TERAMO – L’assemblea dei sindaci del Ruzzo si è traformata nuovamente in un’arena politica conclusa con la decisione del rinvio dell’approvazione del bilancio 2011 e con l’ingresso nel direttivo di Vittorio Scuteri al posto di Vinicio Ciarroni. A scatenare la bagarre all’interno dell’assemblea, riunita anche per individuare la nuova composizione del direttivo, sono stati alcuni problemi, interni al Pdl, sulle procedure di nomina seguite dal Cda per l’affidamento della presidenza a Carlo Ciapanna. Secondo una mozione presentata dal sindaco di Montorio, Alessandro Di Giambattista, la nomina di Ciapanna a presidente è irregolare dal punta di vista amministrativo, poichè tecnicamente spettava all’assemblea dei sindaci e non invece, come poi è avvenuto, al Cda. Un profilo di irregolarità dubbio che poneva anche il rischio di inefficacia sull’approvazione del Bilancio. Problemi messi in evidenza e fortemente contestati da alcuni sindaci di centro-sinistra, accusati invece dal sindaco Murizio Brucchi di fare semplice ostruzionismo. Le dimissioni di Vinicio Ciarroni, figura tecnica scelta dal sindaco (fatta per consentire di approvare il documento contabile e per dare continuità amministraiva al direttivo), si sono trasformate in un percorso in salita per Vittorio Scuteri, riuscito tuttavia a subentrare nel Cda nonostante il problema della mancata presentazione del suo curriculum . Scuteri, ex dirigente Asl, ex consigliere comunale e attuale segretario generale dell’Izs, è figura assimilabile alla componente gattiana del Pdl, ed è la persona indicata a prendere la presidenza del Ruzzo nella prossima assemblea dei sindaci. Un muro contro muro serrato tra i sindaci degli opposti schieramenti divisi anche sulla richiesta del centro-sinistra di azzerare l’attuale Cda e di procedere con un avviso pubblico per l’individuazione dei nuovi componenti. L’opposizione ha chiesto anche la diminuzione dei membri da 5 a 3. Dubbi di legittimità che hanno costretto il sindaco Brucchi a chiedere un rinvio per il bilancio, "onde evitare nuove problemi a un ente già in difficoltà". Per riformulare i passaggi verrà adesso riconvocata una nuova assemblea di sindaci (tra il 16 e il 20 luglio) che sarà chiamata a indicare il nuovo presidente e ad approvare così il bilancio.

Le reazioni

I sindaci del Pd: «Le fratture interne a Pdl danneggiano il Ruzzo»

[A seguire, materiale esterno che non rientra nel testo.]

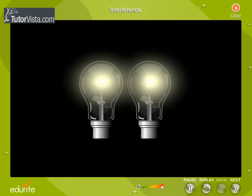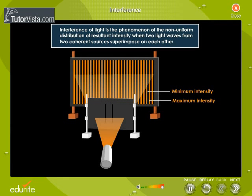But if two light bulbs are placed side by side, no interference effects are observed because the light waves from one bulb are emitted independently of those from the other bulb — that is, they are not in phase. Thus, interference of light is the phenomenon of the non-uniform distribution of resultant intensity when two light waves from two coherent sources superimpose on each other.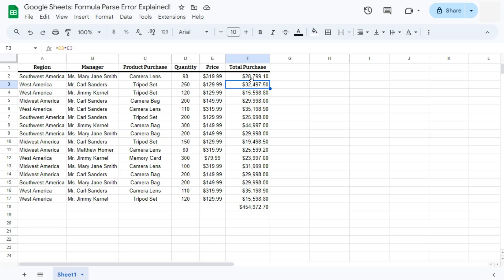And there you have it. That's your formula parse error explained here in Google Sheets. Now if you've encountered a different type of error, you can always check out our playlist on Google Sheet errors here on the channel.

«Le fratture del centro-destra teramano stanno andando a discapito dell’interesse del nostro territorio. Di fronte ad un’assemblea convocata appositamente dal loro presidente Carlo Ciapanna per approvare il bilancio, e ritenuta in maniera compatta illegittima dai sindaci del Pd, il Pdl è riuscito a far slittare l’approvazione del consuntivo, nominando con un ulteriore atto di forza un loro uomo nel Cda della società. Tutto questo rappresenta un totale fallimento politico del centrodestra teramano, che andrà a danneggiare il Ruzzo e l’intera provincia, fallimento determinato dalla guerra che è ormai palese all’interno del Pdl. La linea del centrodestra è una linea che non ci appartiene. E’ giunto il momento di voltare pagina nell’amministrazione delle società pubbliche, la cui direzione deve essere scelta in base a procedure trasparenti e aperte al merito. Questa è la linea dei sindaci e questa rimarrà, nonostante sia stata calpestata dai metodi della vecchia politica che ancora permea il Pdl».
Brucchi: «Dal centrosinistra solo ostruzionismo»
«Va sottolineato  l’atteggiamento di un centrosinistra che dovrebbe cospargersi il capo di cenere e chiedere scusa alla città per come ha lascito il Ruzzo in questi anni – ha dichiarato Brucchi-. I debiti accumulati e la situazione precaria di tanti lavoratori non sono certo una responsabilità del centro-destra, che è subentrato da appena un anno, ma da 20 anni di gestione dissennata del centro-sinistra».